> **ACTIVITY**: All lines from the one holding "null A diamond-cut" to the end of the listing are to be output exactly, both ends included, with any pictures left out.

> **INPUT DATA**:
+ + +
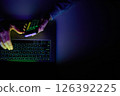 Male hands are using calculator on mobile phone and laptop keyboard. 126392225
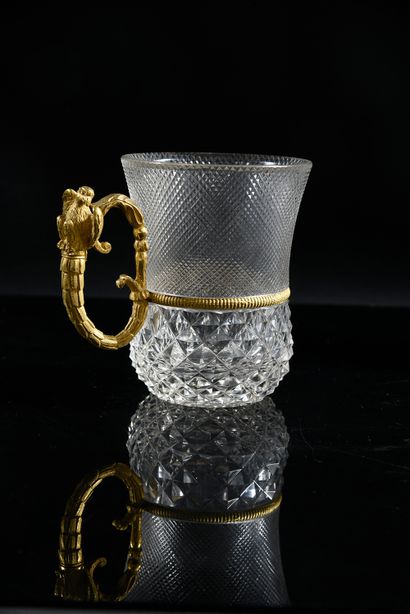 null A diamond-cut crystal mug in two registers, the chased and gilt bronze handle...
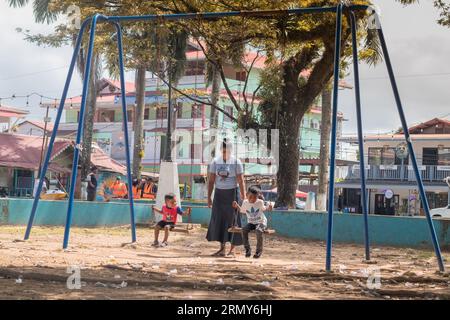 Bocas del Toro, Panama, 3,5.2023: Kinder und Mutter spielen an einem heißen Sommertag in einem Park auf dem Hauptplatz der Stadt Bocas. Stockfoto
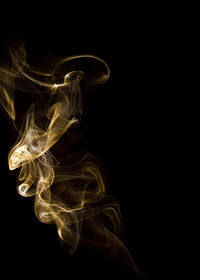 Close-up of smoke against black background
+ + +
> **EXERCISE RESPONSE**:
 null A diamond-cut crystal mug in two registers, the chased and gilt bronze handle...
 Bocas del Toro, Panama, 3,5.2023: Kinder und Mutter spielen an einem heißen Sommertag in einem Park auf dem Hauptplatz der Stadt Bocas. Stockfoto
 Close-up of smoke against black background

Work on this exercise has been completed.